The Middle Class Fights for Survival in Lima, Ohio

An article surveys Lima, Ohio's long-term residents, politicians, and economy to weave a narrative tracing the ups and downs of the shrinking small town.

3 minute read

October 16, 2014, 8:00 AM PDT

By Maayan Dembo @DJ_Mayjahn


In a recent piece on Rolling Stone, Janet Reitman interviews multiple residents, the Lima Mayor David Berger, Allen County House Representative Jim Jordan, and weaves their stories alongside local and state economic policies and election cycles. The long-form piece details everything from crime rates, to the town's teen pregnancy and restrictive abortion policies, to publicly-funded charter schools, to manufacturing plant productivity cycles, to Tea Party and GOP politics, even touching on gerrymandering's role on the town's recent history.

Explaining the forces facing the disappearing middle class, Reitman spoke with Bill Faith, the executive director of the Coalition on Homelessness and Housing in Ohio, who shared how "The economy is stabilizing somewhat, there are businesses coming back, but we're talking about half the size of what it used to be. You see politicians try to appeal to people in places like Lima and say, ‘We're going to bring back manufacturing. We're going to get these companies to come back.' The reality is, you've got to incrementally bring back employment of whatever kind you can bring back.'"

Another interesting part of the article was the overlap between Ohio Governor John Kasich's $1 billion state investment in mostly underperforming charter schools, when "two of Ohio's largest charter-school operators, David Brennan and William Lager, also happened to be the state GOP's largest individual donors, contributing more than $5 million to the Republican Party since the 1990s. Starting in 1998, schools run by the two men have reaped roughly one-quarter of all the taxpayer-funded charter money – about $1.7 billion. Ohio's charter—school operators have successfully claimed that the money given to charter-management companies is no longer public, leaving them exempt from government audits or any other public scrutiny."

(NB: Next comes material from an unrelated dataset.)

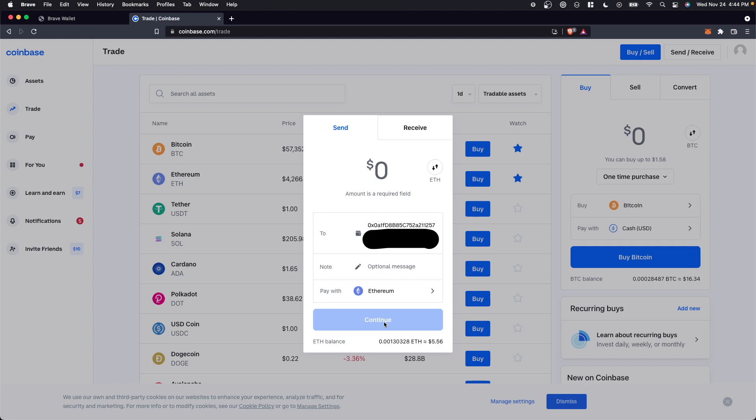However, once you verify that you do want to send your Ethereum over and you are verifying that you are okay with the fees, you can go ahead and click send and it will send that crypto over to your Brave Wallet. So I hope this video helped you out.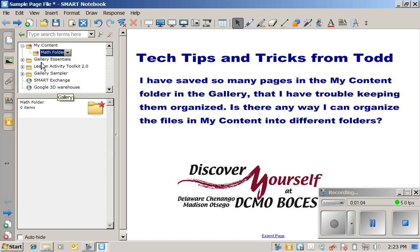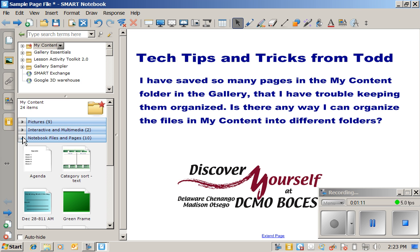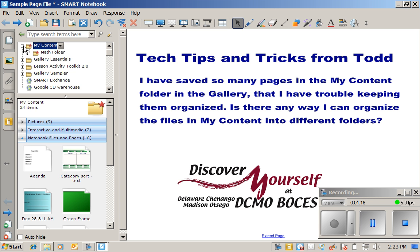Now, to put something in that folder, I'll simply go back to the My Content folder where I've saved a bunch of stuff. And let me just take a notebook file and page. I'll make sure that the My Content folder is expanded so I can see my new Math Folder.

In an interview with House Rep. Jim Jordan, he divulged how Lima's future is in the industries it already possesses, such as oil, chemicals, heath care, and construction. In his words, "For every one of those examples, we have examples of what we do have happening... I'm 100 percent for green energy. I'm for ethanol, I'm for wind power, that's all great. But I don't believe in picking winners and losers by giving tax breaks to some industries and not to others. You don't want bureaucrats in Washington deciding what works and what doesn't; you want people to decide in the grand marketplace we have."

However, Reitman counters this thinking in her piece by writing how "government exists in part to help manage economic crisis. Nobel Prize-winning economist Joseph Stiglitz, whose 2012 book, The Price of Inequality, deconstructs the effects of income inequality, believes the only way out of the current crisis is a comprehensive overhaul of the economic structure."

The entire piece is a fascinating ethnography of a small, Midwestern community failing to adapt itself after an industrial collapse, and can serve as a warning to other cities facing similar crises.